Companies promoting article 9 funds need to provide Information on how the designated index is aligned with that objective plus an explanation as to why and how the fund differs from broader market peers. Furthermore, according to the accountancy firm Deloitte, article 9 funds must:

  • Refer to a Paris Agreement-aligned benchmark if aiming to reduce carbon. 
  • Incorporate good governance into the investment strategy. 
  • Do no significant harm by incorporating social safeguards. 

What kinds of energy infrastructure could investors back to take advantage of this designation? 

The UK’s NextEnergy Solar Fund was one of the first to point out that its renewables and energy storage projects were fully aligned with article 9 because they helped mitigate climate change and did no significant harm, meeting minimum safeguards for sustainable investing and human rights. 

Another vehicle signing up to article 9 is Ireland’s Invesco Global Clean Energy UCITS exchange traded fund, which uses the WilderHill New Energy Global Innovation Index as a benchmark. 

The index focuses on companies specialising in wind, solar, biofuels, hydro, wave, tidal, geothermal and other renewable energies, as well as energy conversion, storage, conservation and efficiency, plus materials relating to those activities and more generally carbon and greenhouse gas reduction.

These moves suggest stakes in energy storage companies will qualify as SFDR article 9 investments, particularly since battery plants will be key to reducing emissions by enabling the integration of higher levels of renewables on the grid. This is not a given, however. 

The German sustainable infrastructure investment fund KGAL, for example, has launched a renewables project development fund called ESPF 5 that is regulated under article 9, but has also recognised that such projects might not automatically qualify for the standard. 
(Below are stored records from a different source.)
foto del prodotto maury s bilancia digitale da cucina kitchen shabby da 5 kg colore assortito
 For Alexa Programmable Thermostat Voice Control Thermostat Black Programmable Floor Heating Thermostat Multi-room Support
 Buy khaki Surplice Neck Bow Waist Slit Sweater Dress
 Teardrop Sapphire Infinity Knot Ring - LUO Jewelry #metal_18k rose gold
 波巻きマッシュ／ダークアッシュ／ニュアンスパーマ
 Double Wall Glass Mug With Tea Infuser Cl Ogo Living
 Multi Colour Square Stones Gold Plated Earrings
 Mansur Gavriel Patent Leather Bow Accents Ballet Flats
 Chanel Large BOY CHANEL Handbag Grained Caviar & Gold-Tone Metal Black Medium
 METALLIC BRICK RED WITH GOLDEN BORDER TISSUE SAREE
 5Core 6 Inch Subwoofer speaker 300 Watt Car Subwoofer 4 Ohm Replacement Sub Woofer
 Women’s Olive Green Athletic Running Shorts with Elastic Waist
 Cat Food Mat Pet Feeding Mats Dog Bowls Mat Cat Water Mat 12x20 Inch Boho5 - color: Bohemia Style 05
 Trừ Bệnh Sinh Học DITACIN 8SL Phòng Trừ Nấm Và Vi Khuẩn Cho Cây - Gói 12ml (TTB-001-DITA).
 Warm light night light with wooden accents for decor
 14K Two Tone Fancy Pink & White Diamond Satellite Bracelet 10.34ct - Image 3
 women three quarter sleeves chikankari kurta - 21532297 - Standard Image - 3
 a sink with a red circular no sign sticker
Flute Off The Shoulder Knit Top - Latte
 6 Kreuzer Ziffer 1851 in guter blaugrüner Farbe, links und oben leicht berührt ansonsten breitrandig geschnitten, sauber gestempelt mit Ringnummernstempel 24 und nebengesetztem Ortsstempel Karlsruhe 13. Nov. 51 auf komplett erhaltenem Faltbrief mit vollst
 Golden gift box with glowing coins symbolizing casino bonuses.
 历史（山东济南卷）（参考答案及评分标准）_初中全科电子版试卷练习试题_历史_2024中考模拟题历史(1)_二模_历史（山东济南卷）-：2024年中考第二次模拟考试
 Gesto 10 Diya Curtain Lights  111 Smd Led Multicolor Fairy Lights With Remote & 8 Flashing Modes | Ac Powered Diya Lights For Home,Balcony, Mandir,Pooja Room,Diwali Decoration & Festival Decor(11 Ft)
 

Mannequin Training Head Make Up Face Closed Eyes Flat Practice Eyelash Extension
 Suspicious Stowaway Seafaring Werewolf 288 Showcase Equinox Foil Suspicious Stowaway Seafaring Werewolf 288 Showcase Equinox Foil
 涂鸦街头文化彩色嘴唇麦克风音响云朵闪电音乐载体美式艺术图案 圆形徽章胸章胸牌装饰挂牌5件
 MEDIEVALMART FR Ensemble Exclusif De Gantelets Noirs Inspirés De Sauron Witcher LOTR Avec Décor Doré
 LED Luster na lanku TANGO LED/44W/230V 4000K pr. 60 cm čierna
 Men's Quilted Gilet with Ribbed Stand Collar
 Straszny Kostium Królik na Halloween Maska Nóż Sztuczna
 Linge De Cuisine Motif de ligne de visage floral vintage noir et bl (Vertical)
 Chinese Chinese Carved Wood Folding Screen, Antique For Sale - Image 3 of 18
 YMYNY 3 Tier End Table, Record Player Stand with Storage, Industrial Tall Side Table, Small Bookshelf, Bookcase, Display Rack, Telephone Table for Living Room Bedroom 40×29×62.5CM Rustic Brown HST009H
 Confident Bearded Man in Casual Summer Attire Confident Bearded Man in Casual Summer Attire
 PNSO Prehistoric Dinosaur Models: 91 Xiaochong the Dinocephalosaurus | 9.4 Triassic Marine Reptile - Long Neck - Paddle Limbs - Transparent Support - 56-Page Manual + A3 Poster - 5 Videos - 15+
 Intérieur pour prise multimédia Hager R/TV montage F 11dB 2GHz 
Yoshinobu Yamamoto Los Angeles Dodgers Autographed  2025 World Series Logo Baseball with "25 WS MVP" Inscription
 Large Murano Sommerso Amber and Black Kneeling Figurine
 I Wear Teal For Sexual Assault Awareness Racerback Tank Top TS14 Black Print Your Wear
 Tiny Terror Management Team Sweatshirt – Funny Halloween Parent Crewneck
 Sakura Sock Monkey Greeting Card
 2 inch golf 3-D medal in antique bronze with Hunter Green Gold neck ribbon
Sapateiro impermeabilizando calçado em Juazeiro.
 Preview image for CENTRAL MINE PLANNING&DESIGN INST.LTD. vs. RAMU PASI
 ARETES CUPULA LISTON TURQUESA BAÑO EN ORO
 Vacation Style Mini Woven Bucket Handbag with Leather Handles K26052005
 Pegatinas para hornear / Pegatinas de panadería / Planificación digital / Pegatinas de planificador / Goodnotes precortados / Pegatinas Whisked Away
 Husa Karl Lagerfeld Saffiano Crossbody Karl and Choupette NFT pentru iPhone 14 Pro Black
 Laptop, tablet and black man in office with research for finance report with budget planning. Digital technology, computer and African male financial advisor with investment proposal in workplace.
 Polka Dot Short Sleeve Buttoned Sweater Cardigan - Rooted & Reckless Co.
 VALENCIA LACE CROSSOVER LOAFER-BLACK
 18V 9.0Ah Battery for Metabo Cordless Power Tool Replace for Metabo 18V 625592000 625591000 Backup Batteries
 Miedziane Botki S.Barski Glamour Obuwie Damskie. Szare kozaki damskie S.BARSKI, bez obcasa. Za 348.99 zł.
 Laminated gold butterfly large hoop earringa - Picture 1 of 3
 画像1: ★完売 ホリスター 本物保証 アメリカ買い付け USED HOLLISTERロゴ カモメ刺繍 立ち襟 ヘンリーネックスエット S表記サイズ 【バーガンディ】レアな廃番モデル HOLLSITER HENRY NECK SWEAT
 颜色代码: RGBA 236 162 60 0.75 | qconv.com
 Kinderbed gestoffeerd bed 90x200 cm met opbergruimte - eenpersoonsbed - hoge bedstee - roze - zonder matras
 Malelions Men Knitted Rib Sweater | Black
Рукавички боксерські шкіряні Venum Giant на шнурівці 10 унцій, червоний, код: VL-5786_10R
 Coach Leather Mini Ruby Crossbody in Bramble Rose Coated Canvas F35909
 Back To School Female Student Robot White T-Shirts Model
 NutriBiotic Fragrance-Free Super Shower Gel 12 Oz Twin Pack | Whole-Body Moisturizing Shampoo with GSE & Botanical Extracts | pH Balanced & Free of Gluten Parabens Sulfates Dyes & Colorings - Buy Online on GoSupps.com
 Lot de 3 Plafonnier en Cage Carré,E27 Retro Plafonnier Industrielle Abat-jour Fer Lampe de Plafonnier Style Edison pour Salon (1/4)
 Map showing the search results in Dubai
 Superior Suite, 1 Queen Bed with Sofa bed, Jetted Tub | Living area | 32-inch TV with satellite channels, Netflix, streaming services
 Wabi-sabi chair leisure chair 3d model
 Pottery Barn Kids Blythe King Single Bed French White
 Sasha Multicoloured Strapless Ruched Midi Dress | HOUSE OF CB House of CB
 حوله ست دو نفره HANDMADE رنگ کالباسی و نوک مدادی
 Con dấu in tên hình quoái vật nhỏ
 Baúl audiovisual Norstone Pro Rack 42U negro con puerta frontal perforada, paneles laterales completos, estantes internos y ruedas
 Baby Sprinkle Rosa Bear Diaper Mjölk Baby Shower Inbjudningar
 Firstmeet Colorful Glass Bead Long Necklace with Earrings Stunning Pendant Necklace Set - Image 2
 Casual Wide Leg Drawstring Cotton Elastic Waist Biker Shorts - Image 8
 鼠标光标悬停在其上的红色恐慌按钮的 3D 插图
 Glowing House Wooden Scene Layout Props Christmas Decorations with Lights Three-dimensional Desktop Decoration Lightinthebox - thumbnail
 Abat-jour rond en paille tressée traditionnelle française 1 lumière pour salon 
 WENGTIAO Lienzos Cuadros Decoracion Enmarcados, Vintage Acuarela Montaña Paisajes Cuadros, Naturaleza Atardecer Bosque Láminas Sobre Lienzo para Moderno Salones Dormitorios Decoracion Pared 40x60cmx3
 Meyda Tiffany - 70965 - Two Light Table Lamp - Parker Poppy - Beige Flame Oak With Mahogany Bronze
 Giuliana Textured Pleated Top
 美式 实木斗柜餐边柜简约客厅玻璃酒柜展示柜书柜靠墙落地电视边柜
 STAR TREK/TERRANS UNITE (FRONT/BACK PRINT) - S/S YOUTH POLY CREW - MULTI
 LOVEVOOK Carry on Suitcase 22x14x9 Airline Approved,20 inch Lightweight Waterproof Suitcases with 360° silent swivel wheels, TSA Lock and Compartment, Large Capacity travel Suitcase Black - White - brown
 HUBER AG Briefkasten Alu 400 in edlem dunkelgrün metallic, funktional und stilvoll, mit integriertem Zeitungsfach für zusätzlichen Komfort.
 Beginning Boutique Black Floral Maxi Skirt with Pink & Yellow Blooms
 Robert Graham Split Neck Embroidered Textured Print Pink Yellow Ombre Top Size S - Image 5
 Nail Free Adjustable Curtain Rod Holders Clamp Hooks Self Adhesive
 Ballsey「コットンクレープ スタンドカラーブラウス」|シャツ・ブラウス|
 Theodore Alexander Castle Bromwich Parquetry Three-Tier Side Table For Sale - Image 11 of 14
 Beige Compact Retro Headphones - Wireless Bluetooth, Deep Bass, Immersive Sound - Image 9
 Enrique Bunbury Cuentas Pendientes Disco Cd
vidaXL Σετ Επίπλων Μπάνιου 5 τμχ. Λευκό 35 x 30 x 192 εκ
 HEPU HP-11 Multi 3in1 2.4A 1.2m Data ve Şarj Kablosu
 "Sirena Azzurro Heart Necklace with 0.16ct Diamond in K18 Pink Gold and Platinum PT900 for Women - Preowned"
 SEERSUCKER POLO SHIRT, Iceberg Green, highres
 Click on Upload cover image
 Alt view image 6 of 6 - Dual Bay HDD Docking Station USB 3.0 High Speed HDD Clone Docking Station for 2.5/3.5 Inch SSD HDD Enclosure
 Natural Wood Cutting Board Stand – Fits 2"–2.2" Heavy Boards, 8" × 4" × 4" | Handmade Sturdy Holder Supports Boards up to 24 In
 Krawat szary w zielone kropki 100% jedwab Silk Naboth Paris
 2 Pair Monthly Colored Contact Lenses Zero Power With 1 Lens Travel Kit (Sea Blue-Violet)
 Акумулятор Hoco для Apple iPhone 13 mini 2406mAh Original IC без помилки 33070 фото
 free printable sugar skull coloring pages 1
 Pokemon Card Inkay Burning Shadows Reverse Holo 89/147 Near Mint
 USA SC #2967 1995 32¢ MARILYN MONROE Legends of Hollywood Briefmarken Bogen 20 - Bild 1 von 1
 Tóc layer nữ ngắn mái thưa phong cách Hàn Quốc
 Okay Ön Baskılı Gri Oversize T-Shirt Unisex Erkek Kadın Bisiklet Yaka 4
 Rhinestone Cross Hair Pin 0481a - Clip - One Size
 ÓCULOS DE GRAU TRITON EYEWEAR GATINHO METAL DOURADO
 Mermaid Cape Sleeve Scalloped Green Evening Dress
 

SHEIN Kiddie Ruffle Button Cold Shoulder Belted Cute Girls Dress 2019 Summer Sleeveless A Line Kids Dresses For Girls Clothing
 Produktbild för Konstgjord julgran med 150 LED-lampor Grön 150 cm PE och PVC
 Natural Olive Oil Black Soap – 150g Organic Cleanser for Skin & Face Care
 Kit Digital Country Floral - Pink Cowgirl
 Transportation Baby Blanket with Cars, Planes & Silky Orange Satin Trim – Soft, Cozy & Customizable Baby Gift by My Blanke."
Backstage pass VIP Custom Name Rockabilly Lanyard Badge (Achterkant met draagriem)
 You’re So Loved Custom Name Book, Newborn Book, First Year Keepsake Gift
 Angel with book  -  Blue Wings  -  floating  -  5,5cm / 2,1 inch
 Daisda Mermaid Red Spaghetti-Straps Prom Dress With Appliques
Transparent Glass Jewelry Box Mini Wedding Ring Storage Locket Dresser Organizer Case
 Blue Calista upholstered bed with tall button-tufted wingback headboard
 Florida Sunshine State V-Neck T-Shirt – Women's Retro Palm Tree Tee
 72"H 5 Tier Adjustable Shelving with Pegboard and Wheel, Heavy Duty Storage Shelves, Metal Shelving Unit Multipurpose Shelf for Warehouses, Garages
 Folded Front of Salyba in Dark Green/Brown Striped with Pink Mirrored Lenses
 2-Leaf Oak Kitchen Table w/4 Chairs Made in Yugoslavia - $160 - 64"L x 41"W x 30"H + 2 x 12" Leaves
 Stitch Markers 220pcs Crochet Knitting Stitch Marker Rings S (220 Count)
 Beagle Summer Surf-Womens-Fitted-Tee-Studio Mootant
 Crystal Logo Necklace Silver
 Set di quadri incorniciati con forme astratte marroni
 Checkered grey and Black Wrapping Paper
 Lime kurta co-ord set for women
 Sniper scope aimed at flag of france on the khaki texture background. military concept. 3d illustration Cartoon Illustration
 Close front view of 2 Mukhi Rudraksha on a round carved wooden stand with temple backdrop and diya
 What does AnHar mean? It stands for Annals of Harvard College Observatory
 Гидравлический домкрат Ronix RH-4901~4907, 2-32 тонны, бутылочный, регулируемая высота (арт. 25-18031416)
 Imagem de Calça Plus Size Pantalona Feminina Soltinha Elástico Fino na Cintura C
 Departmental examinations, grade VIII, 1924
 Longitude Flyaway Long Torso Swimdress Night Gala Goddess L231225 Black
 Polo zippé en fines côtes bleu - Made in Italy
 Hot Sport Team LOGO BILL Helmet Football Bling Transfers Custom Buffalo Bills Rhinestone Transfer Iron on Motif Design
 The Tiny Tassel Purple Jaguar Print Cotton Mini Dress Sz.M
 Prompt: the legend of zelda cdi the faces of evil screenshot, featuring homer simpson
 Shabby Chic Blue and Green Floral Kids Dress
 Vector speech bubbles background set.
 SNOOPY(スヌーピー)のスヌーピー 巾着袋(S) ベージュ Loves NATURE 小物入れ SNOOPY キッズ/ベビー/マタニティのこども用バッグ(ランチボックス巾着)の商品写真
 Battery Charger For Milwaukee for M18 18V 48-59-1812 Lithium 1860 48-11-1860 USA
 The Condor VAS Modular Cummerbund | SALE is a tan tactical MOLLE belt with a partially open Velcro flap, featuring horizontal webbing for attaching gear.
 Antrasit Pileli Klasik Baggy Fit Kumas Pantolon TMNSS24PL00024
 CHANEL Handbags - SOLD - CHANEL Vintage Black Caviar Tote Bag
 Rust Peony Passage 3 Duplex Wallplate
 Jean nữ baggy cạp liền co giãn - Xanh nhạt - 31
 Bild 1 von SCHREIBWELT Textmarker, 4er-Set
And Gresham House’s energy storage fund, while focused solely on developing battery plants, has shied away from claiming sustainable investments as defined by the SFDR. “The company promotes environmental or social characteristics but does not have sustainable investment as its objective,” it says. 

Making progress on our ESG commitments

At Pacific Green, we are keen to offer investment partners the opportunity to undertake article 9-compliant transactions yet are also mindful of our duty to provide accurate and transparent reporting under the SFDR and equivalent regulations outside the European Union. 

For this reason, we are keeping the reporting status of our energy storage projects under review and at the same time making progress with a wide range of ESG commitments.

Moving forward down this path is integral to our corporate values of sustainability, innovation, collaboration and adaptability. There will be more to come, so watch this space.